[Exercise material Boundary: Start]

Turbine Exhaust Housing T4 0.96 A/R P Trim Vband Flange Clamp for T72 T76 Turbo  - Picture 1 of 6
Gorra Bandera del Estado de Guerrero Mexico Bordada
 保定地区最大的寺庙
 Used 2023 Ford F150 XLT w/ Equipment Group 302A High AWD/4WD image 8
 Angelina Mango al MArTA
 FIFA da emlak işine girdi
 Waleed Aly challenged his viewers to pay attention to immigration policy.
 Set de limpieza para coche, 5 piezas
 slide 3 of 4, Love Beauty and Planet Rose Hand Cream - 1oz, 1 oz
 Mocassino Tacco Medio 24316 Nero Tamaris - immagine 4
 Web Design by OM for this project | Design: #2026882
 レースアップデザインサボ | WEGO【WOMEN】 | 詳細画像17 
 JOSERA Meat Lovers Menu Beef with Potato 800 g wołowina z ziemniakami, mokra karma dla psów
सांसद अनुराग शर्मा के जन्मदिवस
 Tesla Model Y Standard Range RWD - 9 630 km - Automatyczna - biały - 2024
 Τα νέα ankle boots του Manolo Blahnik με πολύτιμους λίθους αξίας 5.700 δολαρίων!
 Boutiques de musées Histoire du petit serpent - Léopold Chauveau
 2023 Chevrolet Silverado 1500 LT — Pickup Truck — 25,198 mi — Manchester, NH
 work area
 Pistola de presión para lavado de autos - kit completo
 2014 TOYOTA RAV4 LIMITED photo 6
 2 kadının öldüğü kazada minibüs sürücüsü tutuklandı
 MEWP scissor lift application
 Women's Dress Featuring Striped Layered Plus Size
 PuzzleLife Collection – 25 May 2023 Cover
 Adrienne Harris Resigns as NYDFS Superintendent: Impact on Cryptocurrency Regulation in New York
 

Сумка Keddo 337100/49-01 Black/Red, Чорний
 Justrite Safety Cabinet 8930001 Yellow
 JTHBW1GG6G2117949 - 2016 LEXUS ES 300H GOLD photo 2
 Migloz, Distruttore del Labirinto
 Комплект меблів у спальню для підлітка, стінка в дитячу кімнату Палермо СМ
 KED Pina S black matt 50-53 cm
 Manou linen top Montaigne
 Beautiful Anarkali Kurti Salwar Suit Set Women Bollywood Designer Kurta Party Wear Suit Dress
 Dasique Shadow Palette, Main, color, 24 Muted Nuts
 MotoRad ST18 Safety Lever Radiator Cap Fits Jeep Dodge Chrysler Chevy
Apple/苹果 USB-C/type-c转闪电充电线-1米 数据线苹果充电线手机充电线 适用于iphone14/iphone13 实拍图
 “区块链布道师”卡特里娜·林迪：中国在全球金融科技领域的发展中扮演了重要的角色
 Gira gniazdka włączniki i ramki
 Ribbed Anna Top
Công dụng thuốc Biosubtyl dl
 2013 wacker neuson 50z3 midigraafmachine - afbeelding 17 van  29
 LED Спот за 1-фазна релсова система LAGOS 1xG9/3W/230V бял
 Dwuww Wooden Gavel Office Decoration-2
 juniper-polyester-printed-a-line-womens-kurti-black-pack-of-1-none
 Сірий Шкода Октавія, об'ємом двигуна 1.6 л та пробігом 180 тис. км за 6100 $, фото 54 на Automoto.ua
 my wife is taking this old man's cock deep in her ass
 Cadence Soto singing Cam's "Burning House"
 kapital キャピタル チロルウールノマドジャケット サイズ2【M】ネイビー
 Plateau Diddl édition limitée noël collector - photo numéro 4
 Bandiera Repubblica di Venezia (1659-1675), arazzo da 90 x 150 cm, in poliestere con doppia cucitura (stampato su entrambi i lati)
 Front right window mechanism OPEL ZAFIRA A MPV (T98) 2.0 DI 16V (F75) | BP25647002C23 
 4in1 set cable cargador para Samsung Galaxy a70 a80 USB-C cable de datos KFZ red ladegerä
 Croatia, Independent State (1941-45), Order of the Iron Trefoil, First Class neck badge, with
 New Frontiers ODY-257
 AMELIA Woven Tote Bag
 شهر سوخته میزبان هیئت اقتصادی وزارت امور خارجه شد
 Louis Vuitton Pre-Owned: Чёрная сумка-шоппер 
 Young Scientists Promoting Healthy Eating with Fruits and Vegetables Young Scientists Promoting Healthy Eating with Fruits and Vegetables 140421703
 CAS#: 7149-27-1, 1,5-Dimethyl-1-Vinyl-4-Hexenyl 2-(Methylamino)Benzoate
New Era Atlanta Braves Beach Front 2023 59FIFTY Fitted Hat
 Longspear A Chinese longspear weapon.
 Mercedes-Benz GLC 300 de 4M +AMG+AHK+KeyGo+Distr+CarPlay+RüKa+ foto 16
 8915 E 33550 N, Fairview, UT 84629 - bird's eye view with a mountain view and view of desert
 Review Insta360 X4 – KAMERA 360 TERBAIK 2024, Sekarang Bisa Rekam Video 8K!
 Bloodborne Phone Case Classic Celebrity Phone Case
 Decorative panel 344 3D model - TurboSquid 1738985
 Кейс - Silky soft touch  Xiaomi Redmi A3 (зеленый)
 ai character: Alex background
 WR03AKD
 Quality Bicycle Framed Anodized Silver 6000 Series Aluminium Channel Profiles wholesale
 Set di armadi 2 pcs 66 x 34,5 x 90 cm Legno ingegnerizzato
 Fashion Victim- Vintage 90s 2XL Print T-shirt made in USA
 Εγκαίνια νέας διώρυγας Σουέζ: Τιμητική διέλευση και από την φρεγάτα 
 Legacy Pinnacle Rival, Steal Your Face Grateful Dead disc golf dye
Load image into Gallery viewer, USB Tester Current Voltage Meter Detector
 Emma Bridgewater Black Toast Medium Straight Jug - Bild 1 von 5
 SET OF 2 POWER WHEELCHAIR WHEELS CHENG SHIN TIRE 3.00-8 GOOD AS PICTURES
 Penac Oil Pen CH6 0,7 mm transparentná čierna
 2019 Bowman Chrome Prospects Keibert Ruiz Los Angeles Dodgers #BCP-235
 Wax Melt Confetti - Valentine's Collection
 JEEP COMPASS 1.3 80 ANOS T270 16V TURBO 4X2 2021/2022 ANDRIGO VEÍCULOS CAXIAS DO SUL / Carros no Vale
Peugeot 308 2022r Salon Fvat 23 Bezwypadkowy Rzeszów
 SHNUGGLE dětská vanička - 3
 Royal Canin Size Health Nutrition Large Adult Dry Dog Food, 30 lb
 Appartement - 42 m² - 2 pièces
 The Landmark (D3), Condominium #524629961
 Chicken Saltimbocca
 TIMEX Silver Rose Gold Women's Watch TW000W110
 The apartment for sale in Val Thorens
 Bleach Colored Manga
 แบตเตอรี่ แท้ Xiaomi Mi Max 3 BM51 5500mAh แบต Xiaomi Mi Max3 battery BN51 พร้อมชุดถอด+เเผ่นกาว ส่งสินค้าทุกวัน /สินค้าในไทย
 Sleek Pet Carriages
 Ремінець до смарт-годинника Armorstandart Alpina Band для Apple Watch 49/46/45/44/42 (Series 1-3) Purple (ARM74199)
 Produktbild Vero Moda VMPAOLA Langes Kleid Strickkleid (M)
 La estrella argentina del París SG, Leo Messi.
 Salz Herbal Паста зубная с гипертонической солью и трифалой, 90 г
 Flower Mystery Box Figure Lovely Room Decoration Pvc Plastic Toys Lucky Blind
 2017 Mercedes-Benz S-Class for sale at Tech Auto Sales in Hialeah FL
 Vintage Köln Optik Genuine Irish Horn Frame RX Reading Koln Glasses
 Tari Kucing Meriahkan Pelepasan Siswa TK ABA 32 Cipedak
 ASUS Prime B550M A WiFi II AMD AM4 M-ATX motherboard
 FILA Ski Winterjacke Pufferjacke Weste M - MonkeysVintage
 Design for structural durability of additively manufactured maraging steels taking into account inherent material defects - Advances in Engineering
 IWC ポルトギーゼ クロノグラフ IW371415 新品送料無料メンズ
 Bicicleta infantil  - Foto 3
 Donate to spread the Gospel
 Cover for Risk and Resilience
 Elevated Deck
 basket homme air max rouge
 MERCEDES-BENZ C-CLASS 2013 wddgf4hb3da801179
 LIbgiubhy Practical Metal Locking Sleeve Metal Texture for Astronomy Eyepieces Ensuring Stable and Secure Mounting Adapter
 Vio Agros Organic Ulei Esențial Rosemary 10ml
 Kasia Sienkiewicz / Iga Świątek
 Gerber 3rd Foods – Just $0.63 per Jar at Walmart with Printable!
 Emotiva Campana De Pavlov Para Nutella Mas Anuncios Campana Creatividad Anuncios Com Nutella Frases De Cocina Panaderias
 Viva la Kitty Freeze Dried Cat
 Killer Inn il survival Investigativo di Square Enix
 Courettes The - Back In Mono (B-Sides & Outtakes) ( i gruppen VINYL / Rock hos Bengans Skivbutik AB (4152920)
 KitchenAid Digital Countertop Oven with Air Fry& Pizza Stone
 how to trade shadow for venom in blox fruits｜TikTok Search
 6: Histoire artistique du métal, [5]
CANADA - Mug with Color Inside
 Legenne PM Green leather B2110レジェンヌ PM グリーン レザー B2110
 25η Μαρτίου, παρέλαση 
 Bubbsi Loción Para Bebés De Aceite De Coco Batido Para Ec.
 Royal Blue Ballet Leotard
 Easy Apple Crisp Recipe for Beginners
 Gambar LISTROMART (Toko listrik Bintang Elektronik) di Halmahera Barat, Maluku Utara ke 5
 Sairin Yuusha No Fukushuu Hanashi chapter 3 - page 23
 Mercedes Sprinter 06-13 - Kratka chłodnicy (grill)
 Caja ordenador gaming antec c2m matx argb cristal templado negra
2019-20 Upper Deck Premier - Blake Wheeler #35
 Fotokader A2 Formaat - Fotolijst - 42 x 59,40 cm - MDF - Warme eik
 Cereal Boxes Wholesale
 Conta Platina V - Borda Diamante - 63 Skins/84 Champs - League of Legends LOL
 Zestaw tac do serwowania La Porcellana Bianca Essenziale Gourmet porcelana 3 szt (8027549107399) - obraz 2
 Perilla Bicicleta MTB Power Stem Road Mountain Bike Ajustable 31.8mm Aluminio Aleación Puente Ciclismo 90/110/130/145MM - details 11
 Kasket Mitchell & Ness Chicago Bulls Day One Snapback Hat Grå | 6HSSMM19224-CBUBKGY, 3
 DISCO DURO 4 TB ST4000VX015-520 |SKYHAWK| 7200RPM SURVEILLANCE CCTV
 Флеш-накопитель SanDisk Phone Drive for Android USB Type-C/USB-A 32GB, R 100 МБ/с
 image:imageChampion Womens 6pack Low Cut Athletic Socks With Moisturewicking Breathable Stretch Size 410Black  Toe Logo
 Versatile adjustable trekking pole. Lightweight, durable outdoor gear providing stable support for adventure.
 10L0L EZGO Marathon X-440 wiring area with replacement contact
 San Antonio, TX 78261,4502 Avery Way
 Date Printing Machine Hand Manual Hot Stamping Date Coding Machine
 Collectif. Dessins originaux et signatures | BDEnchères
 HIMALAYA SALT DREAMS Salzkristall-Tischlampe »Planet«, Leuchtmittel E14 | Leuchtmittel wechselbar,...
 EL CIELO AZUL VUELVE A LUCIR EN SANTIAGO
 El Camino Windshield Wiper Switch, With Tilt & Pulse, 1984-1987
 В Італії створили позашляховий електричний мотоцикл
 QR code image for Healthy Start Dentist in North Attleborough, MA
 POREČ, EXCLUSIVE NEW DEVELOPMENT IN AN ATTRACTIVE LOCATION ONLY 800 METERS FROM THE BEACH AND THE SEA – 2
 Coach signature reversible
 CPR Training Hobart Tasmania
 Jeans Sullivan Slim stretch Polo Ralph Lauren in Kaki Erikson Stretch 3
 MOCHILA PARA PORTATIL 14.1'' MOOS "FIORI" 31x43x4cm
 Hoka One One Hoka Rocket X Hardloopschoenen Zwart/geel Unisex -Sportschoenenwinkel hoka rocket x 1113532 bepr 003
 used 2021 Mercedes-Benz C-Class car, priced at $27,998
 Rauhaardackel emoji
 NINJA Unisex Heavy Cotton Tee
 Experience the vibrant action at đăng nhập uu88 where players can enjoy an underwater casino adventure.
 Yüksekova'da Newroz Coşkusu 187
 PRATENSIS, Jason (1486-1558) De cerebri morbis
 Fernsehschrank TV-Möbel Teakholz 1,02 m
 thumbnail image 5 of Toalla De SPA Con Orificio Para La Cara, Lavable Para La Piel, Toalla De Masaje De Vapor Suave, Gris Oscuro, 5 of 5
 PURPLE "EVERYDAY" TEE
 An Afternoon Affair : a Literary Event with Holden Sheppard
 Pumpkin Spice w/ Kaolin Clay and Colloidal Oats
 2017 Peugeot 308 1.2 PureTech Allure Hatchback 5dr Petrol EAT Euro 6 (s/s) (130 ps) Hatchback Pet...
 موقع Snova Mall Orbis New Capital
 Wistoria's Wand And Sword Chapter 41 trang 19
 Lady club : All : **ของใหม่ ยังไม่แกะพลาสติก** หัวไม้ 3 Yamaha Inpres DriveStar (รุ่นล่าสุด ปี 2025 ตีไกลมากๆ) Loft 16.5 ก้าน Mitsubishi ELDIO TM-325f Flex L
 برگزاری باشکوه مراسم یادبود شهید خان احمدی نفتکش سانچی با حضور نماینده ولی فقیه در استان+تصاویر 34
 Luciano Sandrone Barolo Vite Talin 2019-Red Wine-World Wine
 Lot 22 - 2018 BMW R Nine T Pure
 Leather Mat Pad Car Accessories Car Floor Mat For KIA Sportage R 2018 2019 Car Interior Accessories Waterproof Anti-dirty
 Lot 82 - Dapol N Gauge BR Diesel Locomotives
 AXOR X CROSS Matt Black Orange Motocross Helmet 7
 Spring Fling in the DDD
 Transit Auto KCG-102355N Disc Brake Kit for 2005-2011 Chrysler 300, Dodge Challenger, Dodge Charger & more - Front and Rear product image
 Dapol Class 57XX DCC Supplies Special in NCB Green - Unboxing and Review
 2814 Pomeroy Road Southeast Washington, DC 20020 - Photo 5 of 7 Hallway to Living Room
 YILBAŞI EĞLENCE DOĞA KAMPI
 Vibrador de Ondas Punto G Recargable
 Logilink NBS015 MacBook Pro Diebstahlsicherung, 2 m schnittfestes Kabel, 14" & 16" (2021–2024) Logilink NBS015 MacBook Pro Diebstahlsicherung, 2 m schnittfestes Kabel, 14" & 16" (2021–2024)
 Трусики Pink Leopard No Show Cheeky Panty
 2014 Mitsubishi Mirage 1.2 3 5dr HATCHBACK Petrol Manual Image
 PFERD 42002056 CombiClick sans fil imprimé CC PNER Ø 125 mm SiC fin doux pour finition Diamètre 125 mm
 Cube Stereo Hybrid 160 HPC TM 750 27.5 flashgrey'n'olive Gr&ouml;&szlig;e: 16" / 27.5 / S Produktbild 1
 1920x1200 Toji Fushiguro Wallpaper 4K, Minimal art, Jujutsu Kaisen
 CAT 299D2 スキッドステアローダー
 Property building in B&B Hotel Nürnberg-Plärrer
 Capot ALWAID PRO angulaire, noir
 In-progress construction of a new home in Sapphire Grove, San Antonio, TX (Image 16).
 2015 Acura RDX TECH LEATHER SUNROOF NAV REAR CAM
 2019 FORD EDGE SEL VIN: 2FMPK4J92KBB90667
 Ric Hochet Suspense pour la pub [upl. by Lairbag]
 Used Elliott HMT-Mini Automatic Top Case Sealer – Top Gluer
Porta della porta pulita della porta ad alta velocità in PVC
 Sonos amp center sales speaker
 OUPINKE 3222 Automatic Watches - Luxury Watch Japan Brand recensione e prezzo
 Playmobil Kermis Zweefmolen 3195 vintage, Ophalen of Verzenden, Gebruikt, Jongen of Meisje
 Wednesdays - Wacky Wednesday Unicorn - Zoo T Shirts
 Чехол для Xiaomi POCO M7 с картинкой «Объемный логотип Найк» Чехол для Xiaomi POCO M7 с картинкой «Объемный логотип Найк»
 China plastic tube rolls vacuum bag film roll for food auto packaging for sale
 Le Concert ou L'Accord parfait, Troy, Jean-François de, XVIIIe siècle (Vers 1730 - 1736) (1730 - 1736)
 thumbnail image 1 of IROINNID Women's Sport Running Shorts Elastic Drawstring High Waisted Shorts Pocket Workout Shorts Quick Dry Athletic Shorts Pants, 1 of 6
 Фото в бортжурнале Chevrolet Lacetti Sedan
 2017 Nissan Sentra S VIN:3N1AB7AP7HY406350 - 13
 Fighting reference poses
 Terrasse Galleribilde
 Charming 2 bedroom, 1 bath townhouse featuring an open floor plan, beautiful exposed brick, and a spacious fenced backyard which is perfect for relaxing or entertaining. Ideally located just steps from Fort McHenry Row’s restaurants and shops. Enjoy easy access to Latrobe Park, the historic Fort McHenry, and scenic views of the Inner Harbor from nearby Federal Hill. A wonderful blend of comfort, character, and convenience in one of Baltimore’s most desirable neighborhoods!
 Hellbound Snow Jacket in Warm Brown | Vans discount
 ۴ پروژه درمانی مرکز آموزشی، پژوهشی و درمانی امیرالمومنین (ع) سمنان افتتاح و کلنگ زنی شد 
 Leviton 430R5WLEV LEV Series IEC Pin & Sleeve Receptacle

[Exercise material Boundary: End]

→ **Required work**
Copy out every line of the listing where the word "Sleeve" occurs.

→ **The completed task**
 LIbgiubhy Practical Metal Locking Sleeve Metal Texture for Astronomy Eyepieces Ensuring Stable and Secure Mounting Adapter
 Leviton 430R5WLEV LEV Series IEC Pin & Sleeve Receptacle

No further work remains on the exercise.